Your code has two problems:
One: the indirect memory reference should be:
mov %0, ds : [ebx]
That is, with the ds out of the brackets.
Two: A single instruction cannot have both origin and destination in memory, you have to use a register. The easiest way would be to indicate =g that basically means whatever, but in your case it is not possible because esp cannot be moved directly to memory. You have to use =r.
Three: (?) You are clobbering the ebx register, so you should declare it as such, or else do not use it that way.
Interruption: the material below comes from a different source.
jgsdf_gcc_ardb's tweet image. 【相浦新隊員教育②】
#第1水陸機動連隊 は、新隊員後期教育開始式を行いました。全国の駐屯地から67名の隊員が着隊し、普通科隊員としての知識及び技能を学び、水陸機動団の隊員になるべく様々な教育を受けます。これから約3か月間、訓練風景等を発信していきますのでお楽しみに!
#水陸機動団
That will not prevent compilation, but will make your code to behave erratically.
In short:
unsigned int mem = 0;
__asm volatile
(
"mov ebx, esp\n\t"
"mov %0, ds : [ebx]\n\t"
: "=r"(mem) :: "ebx"
);
Or better not to force to use ebx, let instead the compiler decide:
unsigned int mem = 0, temp;
__asm volatile
(
"mov %1, esp\n\t"
"mov %0, ds : [%1]\n\t"
: "=r"(mem) : "r"(temp)
);
BTW, you don't need the volatile keyword in this code. That is used to avoid the assembler to be optimized away even if the output is not needed. If you write the code for the side-effect, add volatile, but if you write the code to get an output, do not add volatile. That way, if the optimizing compiler determines that the output is not needed, it will remove the whole block.